И этот человек смел давать другим уроки мужества!
Негодование Брута против Цицерона достигло предела, когда несколько дней спустя он получил от Тита Помпония Аттика копию письма, отправленного их общим другом Октавию. По мнению Аттика, склонного к компромиссам, это послание должно было успокоить Марка и показать ему, что Цицерон желает тираноборцам только добра, а все его любезности, адресованные Октавию, служат единственной цели — достичь их взаимного примирения.
Аттик выбрал для своей задумки неподходящий момент. Брут и так не знал, куда деваться от душившей его гневной ярости, когда наткнулся в письме Цицерона на такие строки: «Октавий! Мы ждем от тебя только одной милости и снисхождения. Пощади граждан, окруженных уважением народа и всех честных людей!» Отныне его разрыв с Цицероном стал неизбежным.
Брут знал, что даже головой на плахе он ни у кого не станет просить пощады, а уж меньше всего — у Октавия. Цицерону нравится жить на четвереньках — его воля! Но кто дал ему право требовать того же от него, Брута, да еще выставлять его в роли жалкого просителя?
Гнев — чувство, которому стоик не должен поддаваться.
Но если задета честь стоика, он не должен молча сносить оскорбление.

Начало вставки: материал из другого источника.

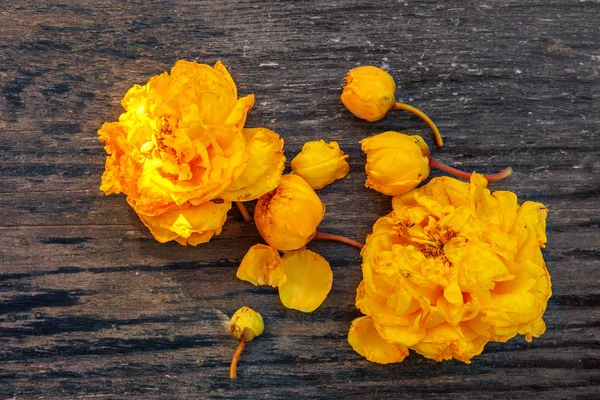 Flores Amarelas Seda Algodão Mesa Madeira Cima — Fotografia de Stock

«Я прочитал часть твоего письма, адресованного Октавию; ее переслал мне Аттик. Твои хлопоты по спасению моей жизни не доставили мне удовольствия. Мне ежедневно докладывают обо всем, что ты, как верный друг, сказал или сделал в защиту нашей чести и достоинства. И теперь, читая эту часть твоего письма, я испытал такую боль, острее которой никто не мог бы мне причинить. Ты писал Октавию и говорил с ним о нас... Ты благодарил его за то, что он сделал для отечества; ты пал перед ним ниц в своем уничижении.